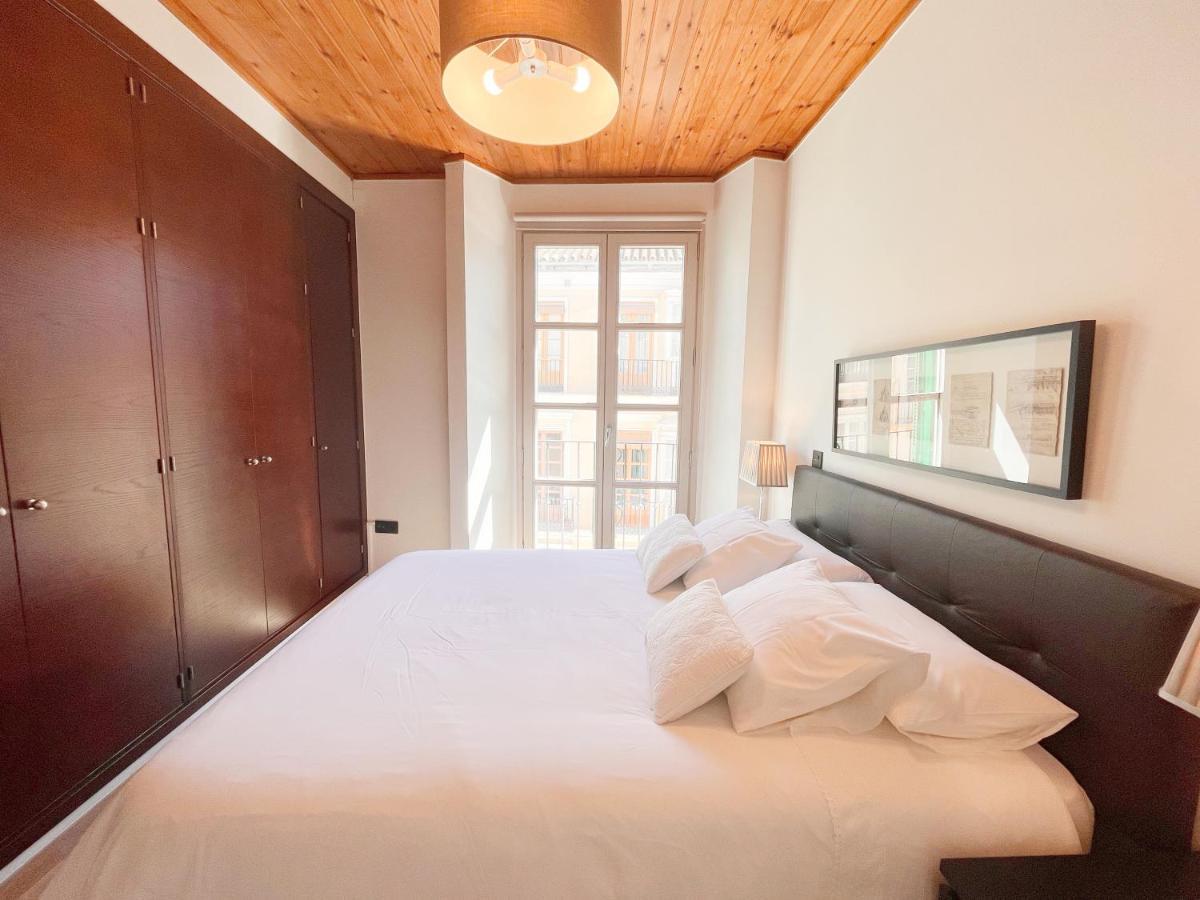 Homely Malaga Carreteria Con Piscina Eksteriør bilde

* * *

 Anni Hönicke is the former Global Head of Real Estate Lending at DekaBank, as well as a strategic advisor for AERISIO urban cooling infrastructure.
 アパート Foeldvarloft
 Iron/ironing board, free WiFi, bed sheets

...

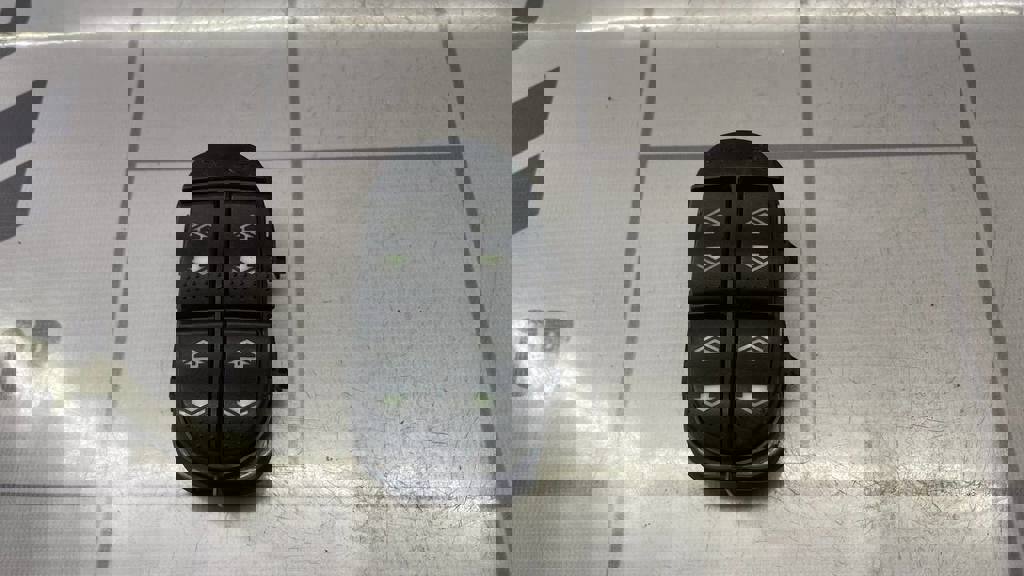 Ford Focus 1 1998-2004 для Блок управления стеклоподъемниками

| Task details |
Give again, word for word, every line of the listing above from the one with "アパート Foeldvarloft" to the one with "Iron/ironing board, free WiFi, bed sheets", both inclusive, and nothing beyond them.

| Expected answer |
 アパート Foeldvarloft
 Iron/ironing board, free WiFi, bed sheets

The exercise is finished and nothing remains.